Johnny Jones, 24 January 2003

Long Lost Judy 1. Last week I told you about how Michael Knight found his long-lost sister - how they had plans to meet for the first time when he was at the half-century mark, and she was 66. A lot of gaps in Michael's life were filled in as a result of the meeting. Here is what he said:


It was clear that I was edgy and irritable on Monday as I was anticipating what was to happen the next day. I spent a mostly sleepless night in Norman, Oklahoma.

We got up on Tuesday and hit the road towards Texas. There I was, traveling down a road I had wanted to travel many times in my past - the road that would lead to my sister's house - a house where I had never been, to meet with someone I had never met before, yet someone I with whom I would have a lot in common. What would she be like? How had life turned out for her? What was life like for her with my father? Would my sister be bitter about life or about our father, who had left her mother and married mine? Would she be resentful towards me for any reason?
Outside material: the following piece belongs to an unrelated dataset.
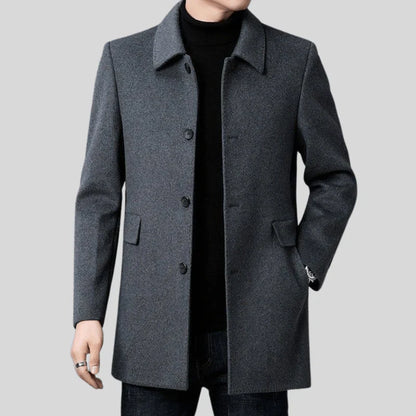 Eckhard – timeless single-breasted coat in a classic cut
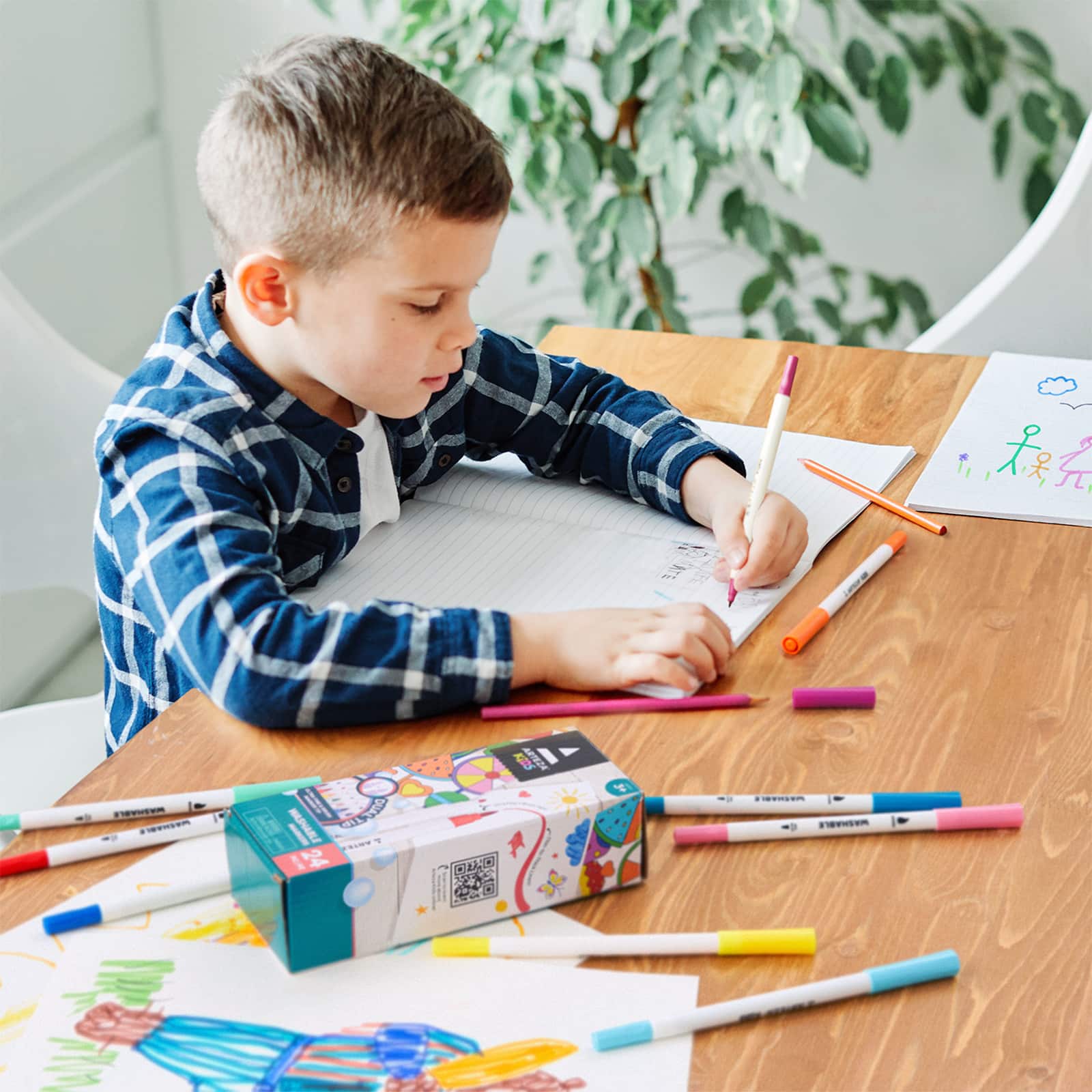 Arteza® Kids Washable Markers with Dual Tips, 24 ct.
Would she be a Christian? Would she be a part of a church family somewhere? A lot was on my mind as I got closer and closer to her home in Plano Texas.

Finally we rang her doorbell at 1:00 on Tuesday afternoon. We were greeted by two of the finest and nicest people we had ever met, Judy and Hoyt, her husband. Over the next several hours and on into the evening we enjoyed one another's company, and I learned a lot about my father.

Not all of it was pleasant.

Much of what I learned was from Gladys, Judy's mother, and my father's first wife, whom he divorced in 1948.

I was glad to learn that Judy, Gladys, and Hoyt are all Christians and faithfully involved in Baptist churches.

But some of what I learned about my father has been unsettling and painful to me.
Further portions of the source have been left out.